И пошёл галдёж пуще прежнего. Тугожир стоял на том, чтоб бежать, близнецы хотели непременно умереть в западине. Никто никого не слушал, друг дружку перебивали, того и гляди драться начнут.
– Стало быть, так, – заговорил Гореслав. Он заговорил тихо, но все сразу замолкли. – Бежать поздно, ромей всё одно догонит, а в открытой степи с его людьми нам не справится. Тугожир, Сухач с Милославой, с Бабурой Жилятовной и мальчонкой дальше одни пойдут. Пока Фурий поймёт, что Милославы с нами нет, они успеют до Ерша добраться. А там в каждую сторону семь путей – ищи ветра в поле.
– Я от дружины не отступлюсь! – затряс бородой Тугожир. – Ты, воевода, остаёшься, я тоже остаюсь! Не оскорбляй меня недоверием.
Гореслав кивнул, принимая его слово.
– Как это останетесь? – осторожно спросила я. – На гибель?
– Для нас дальше дороги нет, – отрезал Гореслав и повернулся к Сухачу. – За девку головой отвечаешь. Отсюда ступайте на мокрый угол. На гриву взберётесь, по левую руку будет лесок, справа степь. Держись опушки. Помнишь, как в Голунь шли? А там, если Макошь дозволит, до Ерша прямая дорога.
– Как же так? – снова подступила я к воеводе. – Никуда я не пойду!
Гореслав даже смотреть на меня не стал, будто и нет меня больше. Будто ночью мы о звёздах не говорили и рубаху я ему не дарила. Хотя вот она, та рубаха, на нём. Он, получается, как и братец его Милонег – такой же. Бес проклятый! Вот он как со мной…
И тогда я вспылила.
– Ну и оставайся! Никому ты не нужен!
Он снова меня не заметил, а Сухач зашепелявил радостно:
– Так и есть, так и есть. Бес им в помощники, пусть с ромеем бодаются, а мы пошли отсель скорее подальше.

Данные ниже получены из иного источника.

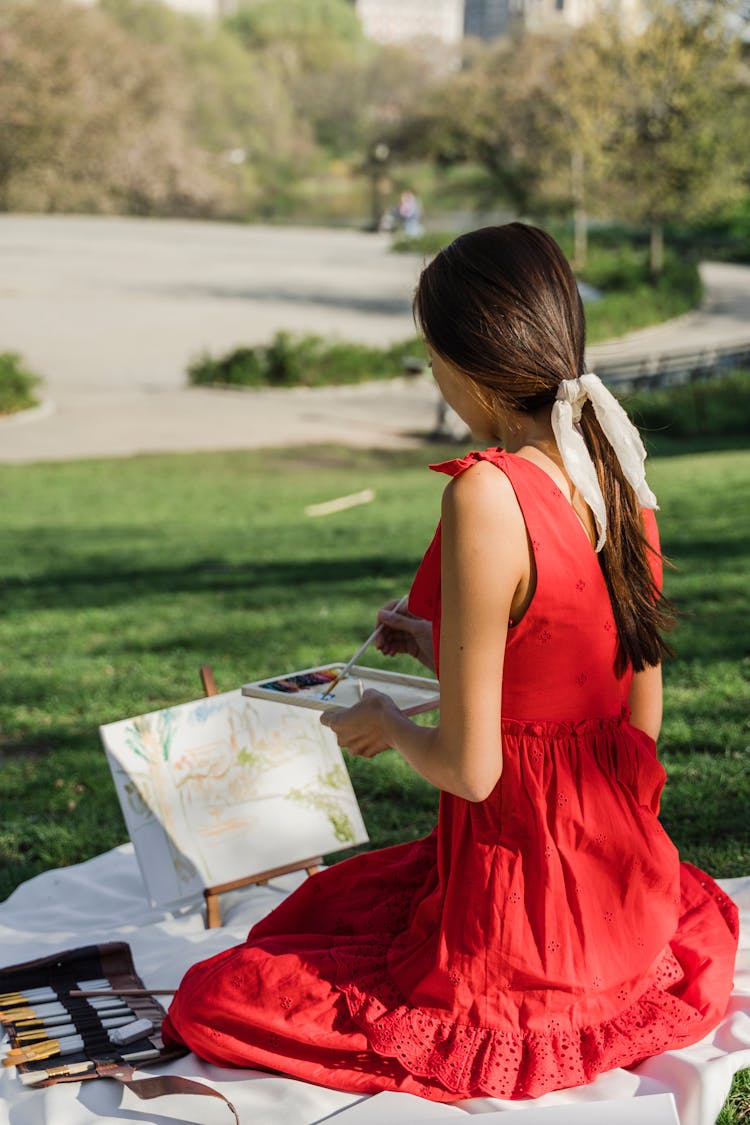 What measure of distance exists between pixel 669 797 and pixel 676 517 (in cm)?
541

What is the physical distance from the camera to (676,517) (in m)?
9.27

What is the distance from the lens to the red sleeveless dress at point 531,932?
228cm

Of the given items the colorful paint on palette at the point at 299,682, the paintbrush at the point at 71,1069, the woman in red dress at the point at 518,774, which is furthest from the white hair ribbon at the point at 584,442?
the paintbrush at the point at 71,1069

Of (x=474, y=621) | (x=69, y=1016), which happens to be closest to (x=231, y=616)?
(x=69, y=1016)

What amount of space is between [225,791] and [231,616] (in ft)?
11.5

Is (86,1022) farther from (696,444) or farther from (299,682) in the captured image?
(696,444)

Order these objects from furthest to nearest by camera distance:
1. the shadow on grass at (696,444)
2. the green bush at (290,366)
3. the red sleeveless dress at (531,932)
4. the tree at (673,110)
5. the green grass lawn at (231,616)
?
1. the tree at (673,110)
2. the green bush at (290,366)
3. the shadow on grass at (696,444)
4. the green grass lawn at (231,616)
5. the red sleeveless dress at (531,932)

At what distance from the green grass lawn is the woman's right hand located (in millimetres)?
551

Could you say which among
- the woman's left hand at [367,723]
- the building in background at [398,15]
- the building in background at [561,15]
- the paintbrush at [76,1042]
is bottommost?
the paintbrush at [76,1042]

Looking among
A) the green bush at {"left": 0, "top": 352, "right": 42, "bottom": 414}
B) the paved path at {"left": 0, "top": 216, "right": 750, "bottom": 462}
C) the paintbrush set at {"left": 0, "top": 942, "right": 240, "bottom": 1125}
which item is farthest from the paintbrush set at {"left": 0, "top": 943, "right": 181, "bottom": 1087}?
the green bush at {"left": 0, "top": 352, "right": 42, "bottom": 414}

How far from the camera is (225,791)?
369 cm

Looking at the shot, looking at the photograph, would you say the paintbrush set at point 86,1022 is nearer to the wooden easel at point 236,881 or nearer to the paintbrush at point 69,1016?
the paintbrush at point 69,1016

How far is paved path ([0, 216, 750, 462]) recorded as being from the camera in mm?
17641

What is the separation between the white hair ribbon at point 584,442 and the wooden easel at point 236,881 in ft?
5.34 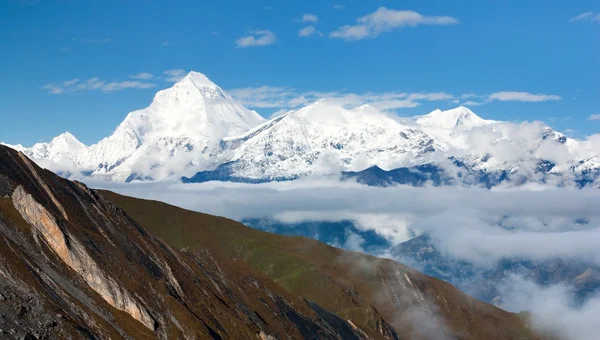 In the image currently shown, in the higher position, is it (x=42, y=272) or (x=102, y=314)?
(x=42, y=272)

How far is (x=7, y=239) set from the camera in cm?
19575

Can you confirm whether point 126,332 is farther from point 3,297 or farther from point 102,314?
point 3,297

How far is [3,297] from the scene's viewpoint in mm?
162500

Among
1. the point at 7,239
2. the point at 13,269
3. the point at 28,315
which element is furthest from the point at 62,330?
the point at 7,239

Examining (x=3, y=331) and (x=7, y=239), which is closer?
(x=3, y=331)

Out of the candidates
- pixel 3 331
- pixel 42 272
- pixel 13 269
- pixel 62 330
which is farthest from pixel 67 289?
pixel 3 331

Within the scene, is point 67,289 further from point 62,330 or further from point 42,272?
point 62,330

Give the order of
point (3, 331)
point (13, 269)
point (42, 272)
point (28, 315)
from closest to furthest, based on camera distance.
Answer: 1. point (3, 331)
2. point (28, 315)
3. point (13, 269)
4. point (42, 272)

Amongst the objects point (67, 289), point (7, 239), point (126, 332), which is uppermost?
point (7, 239)

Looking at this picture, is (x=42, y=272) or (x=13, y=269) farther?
(x=42, y=272)

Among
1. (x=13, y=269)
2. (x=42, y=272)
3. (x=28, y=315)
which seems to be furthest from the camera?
(x=42, y=272)

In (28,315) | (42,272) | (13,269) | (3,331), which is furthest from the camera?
(42,272)

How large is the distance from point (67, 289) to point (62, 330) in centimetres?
3381

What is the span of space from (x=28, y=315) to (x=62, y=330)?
759cm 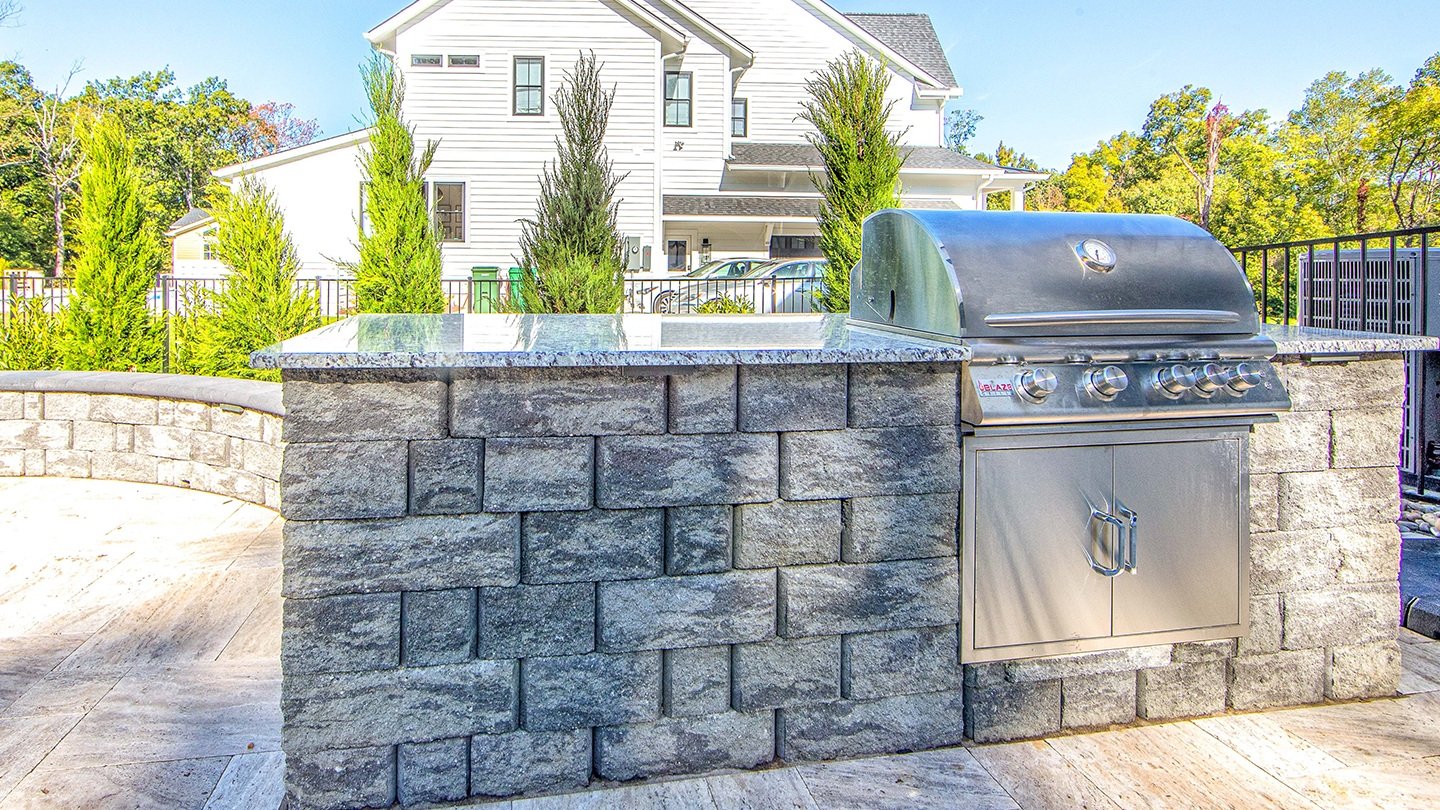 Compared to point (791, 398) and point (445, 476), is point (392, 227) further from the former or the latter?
point (791, 398)

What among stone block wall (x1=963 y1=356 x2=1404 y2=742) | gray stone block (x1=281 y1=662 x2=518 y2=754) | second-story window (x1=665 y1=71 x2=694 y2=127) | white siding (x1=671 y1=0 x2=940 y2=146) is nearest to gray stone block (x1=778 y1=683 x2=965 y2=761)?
stone block wall (x1=963 y1=356 x2=1404 y2=742)

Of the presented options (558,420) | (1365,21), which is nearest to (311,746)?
(558,420)

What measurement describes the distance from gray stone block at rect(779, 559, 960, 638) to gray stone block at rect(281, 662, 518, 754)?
700 mm

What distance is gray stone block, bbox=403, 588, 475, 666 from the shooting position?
2.16m

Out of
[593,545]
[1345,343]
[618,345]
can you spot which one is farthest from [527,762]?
[1345,343]

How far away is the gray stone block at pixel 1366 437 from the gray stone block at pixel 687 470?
174cm

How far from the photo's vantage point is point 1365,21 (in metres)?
31.7

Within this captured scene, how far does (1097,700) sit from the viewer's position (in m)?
2.62

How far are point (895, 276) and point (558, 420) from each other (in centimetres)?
118

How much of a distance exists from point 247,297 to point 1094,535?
23.1 feet

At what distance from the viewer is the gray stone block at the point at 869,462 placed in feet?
7.67

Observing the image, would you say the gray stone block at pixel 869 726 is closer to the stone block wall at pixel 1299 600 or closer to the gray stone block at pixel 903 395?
the stone block wall at pixel 1299 600

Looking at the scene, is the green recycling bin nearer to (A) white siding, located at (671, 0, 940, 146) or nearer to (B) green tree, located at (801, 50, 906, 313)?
(B) green tree, located at (801, 50, 906, 313)

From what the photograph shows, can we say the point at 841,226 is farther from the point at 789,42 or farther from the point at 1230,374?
the point at 789,42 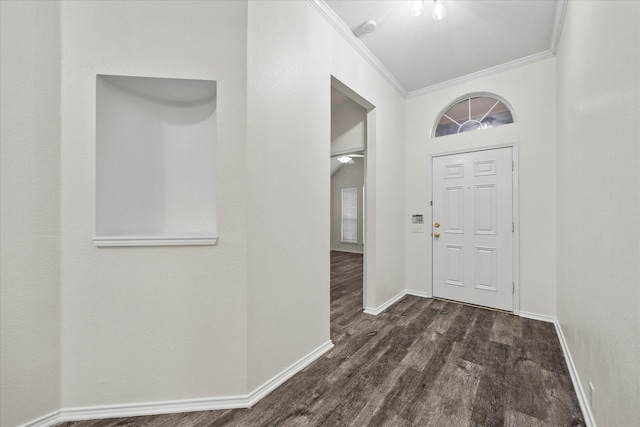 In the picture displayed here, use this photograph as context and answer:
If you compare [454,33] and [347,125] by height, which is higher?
[454,33]

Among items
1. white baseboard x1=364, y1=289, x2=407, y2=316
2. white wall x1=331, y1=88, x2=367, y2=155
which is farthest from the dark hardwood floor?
white wall x1=331, y1=88, x2=367, y2=155

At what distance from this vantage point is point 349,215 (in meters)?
8.23

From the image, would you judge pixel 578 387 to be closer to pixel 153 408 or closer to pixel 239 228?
pixel 239 228

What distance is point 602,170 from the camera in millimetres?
1298

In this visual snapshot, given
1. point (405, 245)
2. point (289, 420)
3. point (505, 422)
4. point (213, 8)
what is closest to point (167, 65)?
point (213, 8)

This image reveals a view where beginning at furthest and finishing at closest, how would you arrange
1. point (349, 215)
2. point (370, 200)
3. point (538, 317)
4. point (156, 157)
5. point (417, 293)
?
1. point (349, 215)
2. point (417, 293)
3. point (370, 200)
4. point (538, 317)
5. point (156, 157)

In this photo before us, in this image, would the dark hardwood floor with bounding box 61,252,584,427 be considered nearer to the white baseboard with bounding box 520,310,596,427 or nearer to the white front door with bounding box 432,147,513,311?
the white baseboard with bounding box 520,310,596,427

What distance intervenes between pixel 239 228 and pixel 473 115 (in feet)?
11.0

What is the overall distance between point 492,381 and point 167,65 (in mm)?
3066

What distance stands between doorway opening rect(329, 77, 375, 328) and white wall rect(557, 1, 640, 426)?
1.77 meters

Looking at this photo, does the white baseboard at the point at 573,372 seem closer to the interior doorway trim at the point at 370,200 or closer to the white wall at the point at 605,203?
the white wall at the point at 605,203

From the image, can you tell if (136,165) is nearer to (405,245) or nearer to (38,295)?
(38,295)

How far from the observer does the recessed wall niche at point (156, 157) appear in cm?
165

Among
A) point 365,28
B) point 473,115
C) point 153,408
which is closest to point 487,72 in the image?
point 473,115
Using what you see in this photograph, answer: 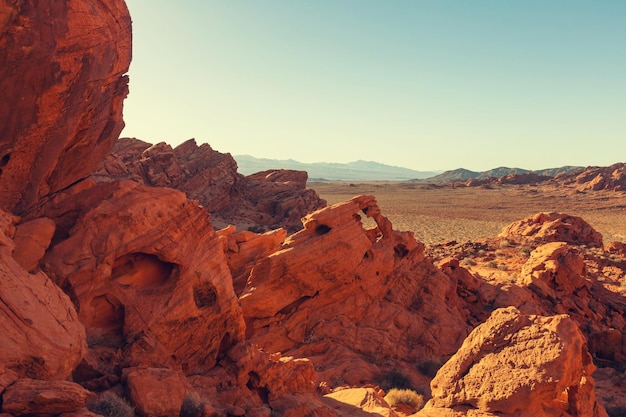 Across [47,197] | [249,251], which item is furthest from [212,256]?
[249,251]

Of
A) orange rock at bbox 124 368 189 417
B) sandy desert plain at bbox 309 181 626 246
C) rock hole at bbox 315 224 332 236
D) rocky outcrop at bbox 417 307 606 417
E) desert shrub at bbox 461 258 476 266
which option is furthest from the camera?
sandy desert plain at bbox 309 181 626 246

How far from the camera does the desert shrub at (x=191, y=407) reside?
6.79 metres

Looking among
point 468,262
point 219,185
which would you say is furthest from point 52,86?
point 219,185

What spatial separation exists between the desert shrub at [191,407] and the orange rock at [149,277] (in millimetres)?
1667

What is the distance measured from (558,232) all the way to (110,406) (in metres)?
36.8

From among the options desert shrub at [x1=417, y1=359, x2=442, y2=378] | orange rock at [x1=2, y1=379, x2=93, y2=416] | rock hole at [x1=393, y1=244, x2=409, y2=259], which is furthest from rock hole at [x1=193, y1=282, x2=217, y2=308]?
rock hole at [x1=393, y1=244, x2=409, y2=259]

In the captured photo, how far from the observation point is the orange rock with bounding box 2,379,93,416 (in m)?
4.93

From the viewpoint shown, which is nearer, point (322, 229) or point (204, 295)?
point (204, 295)

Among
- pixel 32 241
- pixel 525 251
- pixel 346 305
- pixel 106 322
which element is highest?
pixel 32 241

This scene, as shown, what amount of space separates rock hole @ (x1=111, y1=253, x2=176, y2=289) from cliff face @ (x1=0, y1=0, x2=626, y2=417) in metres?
0.03

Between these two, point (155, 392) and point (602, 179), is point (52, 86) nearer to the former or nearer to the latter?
point (155, 392)

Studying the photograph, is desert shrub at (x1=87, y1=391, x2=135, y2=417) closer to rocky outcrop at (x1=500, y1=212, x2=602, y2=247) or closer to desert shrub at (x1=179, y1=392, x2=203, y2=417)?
desert shrub at (x1=179, y1=392, x2=203, y2=417)

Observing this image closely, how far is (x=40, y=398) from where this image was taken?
16.4 ft

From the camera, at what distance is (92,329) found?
8.70 meters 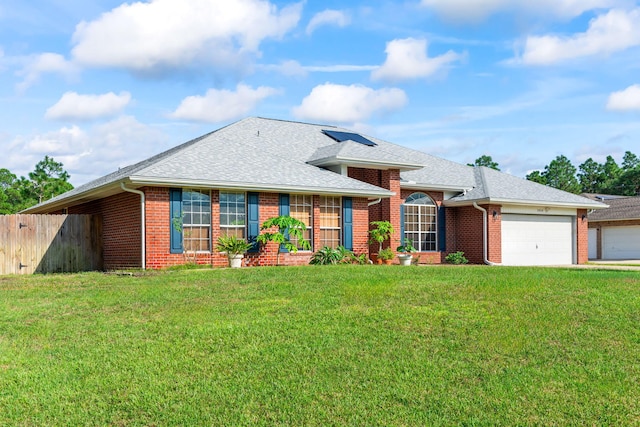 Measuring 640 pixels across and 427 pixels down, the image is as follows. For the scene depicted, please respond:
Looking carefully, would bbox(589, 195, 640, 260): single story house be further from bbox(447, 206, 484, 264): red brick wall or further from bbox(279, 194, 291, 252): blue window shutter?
bbox(279, 194, 291, 252): blue window shutter

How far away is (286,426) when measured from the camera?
5.82 meters

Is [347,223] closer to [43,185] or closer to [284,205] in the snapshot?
[284,205]

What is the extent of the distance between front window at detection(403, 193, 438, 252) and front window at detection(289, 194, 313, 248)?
4915 mm

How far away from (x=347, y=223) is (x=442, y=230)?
5464 mm

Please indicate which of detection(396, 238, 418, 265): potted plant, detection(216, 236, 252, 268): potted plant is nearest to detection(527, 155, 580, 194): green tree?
detection(396, 238, 418, 265): potted plant

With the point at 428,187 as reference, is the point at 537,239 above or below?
below

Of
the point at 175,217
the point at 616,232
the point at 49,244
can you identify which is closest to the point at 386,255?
the point at 175,217

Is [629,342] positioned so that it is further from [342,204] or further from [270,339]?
[342,204]

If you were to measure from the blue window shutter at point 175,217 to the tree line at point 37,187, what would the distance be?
31084 mm

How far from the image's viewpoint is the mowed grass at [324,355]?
20.3 feet

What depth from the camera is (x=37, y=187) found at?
45.7 meters

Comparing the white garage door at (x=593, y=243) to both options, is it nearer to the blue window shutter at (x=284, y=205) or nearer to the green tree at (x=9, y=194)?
the blue window shutter at (x=284, y=205)

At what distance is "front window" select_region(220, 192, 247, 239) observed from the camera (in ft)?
58.9

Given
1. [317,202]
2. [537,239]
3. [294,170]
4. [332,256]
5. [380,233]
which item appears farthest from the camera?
[537,239]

Я сжала кулачки. Нет, я всё равно никуда не пойду. Я не брошу его… их… А этот чахлик невмирущий, он что, не понимает? Ничего не понимает? Да нет, понимает, оттого и радуется, что не его нить сегодня оборвётся. Шею бы ему свернуть!
– Ступай, дочка, – вздохнул старый кормщик.
– Дядька Малюта!
– Ступай, не кори себя.
Старик улыбался. Мы уже прощались с ним однажды, и теперь он снова бросал меня в воду, а сам торопился к сходням. И пусть сейчас он произносил другие слова, но слышала я всё то же: Беги, девка!
И я побежала. Медленно, словно во сне, не оглядываясь. Сухач и Поганко держали меня за руки и едва не силой волокли за собой. Вот уже и грива, о которой говорил Гореслав. Мы поднялись по травянистому склону, впереди Добрыня, за спиной тётка Бабура. Ключница дышала тяжело, натужно, тихонько жаловалась на больные ноги. Я подумала, что вечером надо припарки ей сделать, снять боль… Позади зазвенело железо, эхом прокатился по небу долгий крик. Сухач нервно оглянулся, а я закрыла уши и принялась шёпотом уверять себя, что это мне показалось, что на самом деле это степной орёл углядел с высоты неосторожного зайца и… Кого я обманываю!
Я остановилась. Надо вернуться. Надо обязательно вернуться! Им нужна я. Ромей меня заберёт, а Гореслава не тронет…
Сухач вдруг дёрнул меня за ворот да как закричит:
– Я тебя в плен взял!
В плен? В какой плен? Я замотала головой, не понимая, о чём он, а когда слова его достигли моего разума, разозлилась. Скрутила ему руки и приложила мордой о землю.
– Ты совсем дурной? Я дочь богатыря, я с пелёнок ухваткам воинским обучена. А ты меня в плен берёшь? Ну, право, иной раз хоть не только о еде думай.
Он заелозил, заскулил, начал обещать мне каких-то мухоморов, отравить, наверное, грозился, но я знаю, как с мухоморами и прочей заразой обращаться, так что не испугалась, а ещё сильнее выкрутила ему руку.